Asset Valuation. Asset valuation includes assessing the recorded value of certain assets, including accounts receivable, inventories, property, plant and equipment, goodwill, and intangible assets. Asset valuation is governed by various accounting principles, including SFAS No. 121, “Accounting for the Impairment of Long-Lived Assets and Long-Lived Assets to Be Disposed Of” (to be superceded in fiscal year 2003 by SFAS No. 144 “Accounting for the Impairment or Disposal of Long-Lived Assets”), SFAS No. 141, “Business Combinations”, SFAS No. 142 “Goodwill and Other Intangible Assets” and Accounting Research Bulletin No. 43, among others. Management uses a variety of factors to assess valuation depending on the asset. For example, accounts receivable are evaluated based upon an aging schedule. The recoverability of inventories is based primarily upon the age of inventory held and market conditions. Property, plant and equipment, intangible and other assets are evaluated utilizing various factors, including the expected period the asset will be utilized and forecasted cash flows. Changes in judgments on any of these factors could impact the value of the asset.

 

Concentrations of Credit Risk. Financial instruments that are exposed to concentrations of credit risk consist primarily of trade receivables. The Company performs ongoing credit evaluations of its customers’ financial condition and generally requires no collateral from its customers.
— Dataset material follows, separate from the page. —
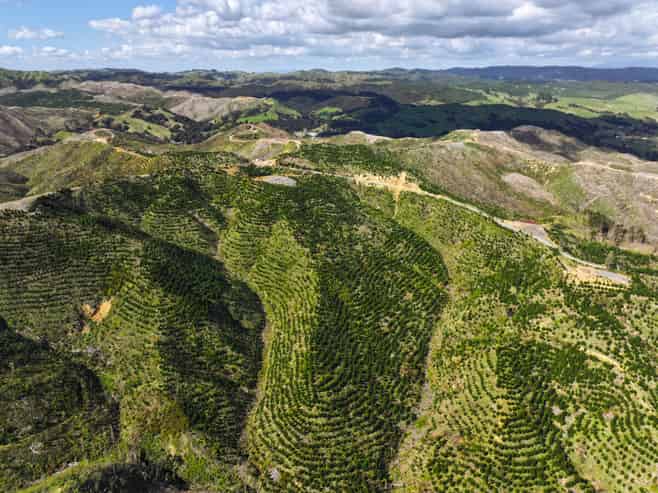 Highway 22, Ngaruawahia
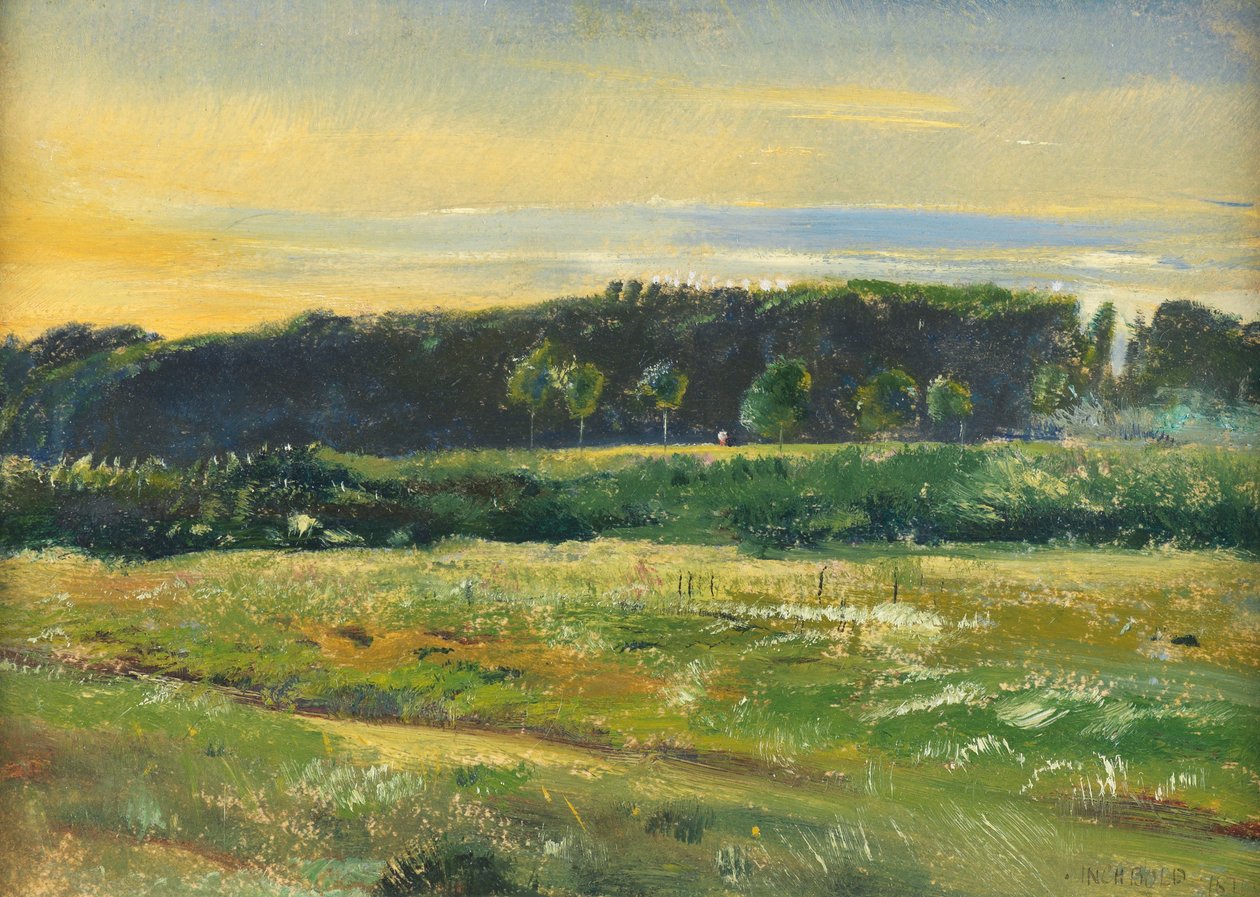 The Common, juni, 1871 (olie på kort) af John William Inchbold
The Company’s allowance for doubtful accounts is calculated based primarily upon historical bad debt experience and current market conditions. Over the past ten years, annual bad debt expense has averaged approximately $690 and ranged from $206 in fiscal 1995 to $1,713 in fiscal 2002. As was the case in fiscal 2002, bankruptcy or other significant financial deterioration of any significant customers could impact their ability to satisfy their receivables with us. While we believe our allowance for bad debts at December 31, 2002 of $1,893 is adequate, an unanticipated increase in customer bankruptcies or other financial difficulties would require the Company to increase its provision for bad debts and ultimately increase its allowance for future bad debts.

 

Inventories. Inventories, which include material, labor and manufacturing overhead, are stated at the lower of cost or market with cost determined using a weighted average-cost method. The Company determines the market value of its raw ingredients, finished product and packaging inventories based upon references to current market prices for such items as of the end of each reporting period and records a write down of inventory cost to market, when applicable. Polypropylene, the Company’s major raw material, is petroleum based and prices can fluctuate significantly and, as discussed above, increases in raw material prices cannot always be passed on to customers. Additionally, from time to time, the Company has been able to utilize secondary markets to liquidate excess inventories. If raw material prices were to increase and the Company were unable to raise its prices or if the Company’s ability to liquidate excess inventories was significantly diminished, additional inventory reserves may be necessary.

 

Excess of Cost Over Fair Value of Net Assets Acquired. The excess of cost over fair value of net assets acquired (goodwill) is evaluated annually for impairment in accordance with SFAS 142. We have one reporting unit and estimate fair value based on a variety of market factors, including discounted cash flow analysis, market capitalization, and other market-based data. No impairment of goodwill was recorded during the first quarter of fiscal 2003. Our market capitalization and net assets at December 31, 2002 were $25,207 and $36,417, respectively. However, based on our discounted cash flow projections and other market-related data, the Company believes that at September 30, 2002 the fair value of the Company exceeds its net assets. If the projected cash flows and other projected operating results are not achieved, we would decrease the estimated fair value of our business and a full or partial impairment of our goodwill balance of $9,874 at December 31, 2002 would be necessary.

 

ITEM 3. QUANTITATIVE AND QUALITATIVE DISCLOSURES ABOUT MARKET RISK

 

The Company’s market risks, and the ways it manages them, are summarized in Management’s Discussion and Analysis of Financial Condition and Results of Operations as of September 30, 2002, included in the Company’s Form 10-K for the fiscal year ended September 30, 2002. There have been no material changes in the first three months of fiscal 2003 to such risks or the Company’s management of such risks.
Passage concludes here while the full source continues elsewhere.